2. Matching Cash Flow to Your Business Loan Term
Maintaining healthy cash flow is a crucial challenge for any small business owner, regardless of your business’s industry. To that end, you must choose a business financing term that aligns with your current and future cash flow needs.
As previously mentioned, with shorter loan terms, you’ll need to pay back your loan faster, so your payments will be relatively large. You may have smaller amounts with a longer-term loan, but they’ll extend over longer durations.
In either case, you need to ensure your payment dates and amounts align with other cash inflows and outflows. Otherwise, you can easily end up with no cash on hand to make your payments. If this occurs, you’ll be stuck with significant debt, which could hurt your business’s financial future.
In some cases, your lender may be flexible on your payment due dates so that they aren’t on top of other bill due dates. However, it’s up to you as the business owner to be aware of all of your financial obligations and ensure that you can responsibly afford all of them.
3. Consider Your Credit Score
Anytime you borrow money, your business loan or business line of credit offer will likely be contingent on your credit score.
Typically, business lenders prefer working with business owners with a strong credit history. This is because they have a good track record of paying off their balances. Although it is possible to get approved for a bad credit business loan, you may not be given an ideal loan term.
If this occurs, it might be best to work on improving your credit score before applying for a small business loan. To improve your credit score, we suggest taking measures such as:
Consolidate debt
Pay bills in full and on-time
Check your credit report to ensure that there are no mistakes. If there are any errors, contact the credit bureaus to fix them as soon as possible.

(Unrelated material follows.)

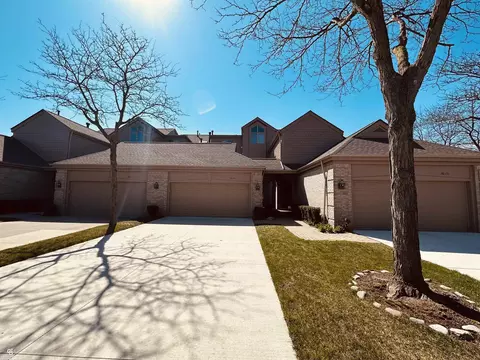 26141 N Harbour Pointe Dr N, Harrison Township, MI 48045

Improve other aspects of your business’s finances
Conclusion: A Final Note on Picking the Right Business Loan Term
Finding the right small business loan term is a balancing act. If you choose a term that is too long, you’ll pay more than you need in interest payments. However, if you select a loan term that’s too short, your payments could be unmanageable.
If you have trouble repaying your loan, you’ll risk your business’s credit score, in addition to your ability to qualify for future funding options.
On top of all that, long-term loan options typically allow for larger loan amounts. Due to this, if you need a large influx of cash, your decision may already be made for you. A long-term loan is usually advised for small business owners that need large loan amounts for expansion projects, expensive equipment, or other significant costs.
To simplify the application and find your ideal loan term, we’d recommend going back to the two questions we started this post with:
How much additional working capital does your business require?
What do you need the money for (equipment, real estate, inventory, etc.)?
Answer these questions, narrow down your list of business financing options, then compare the terms offered by those options. After that, it’ll be much easier to determine your ideal loan term.
Editor’s Note: This post was updated for accuracy and comprehensiveness in July 2022.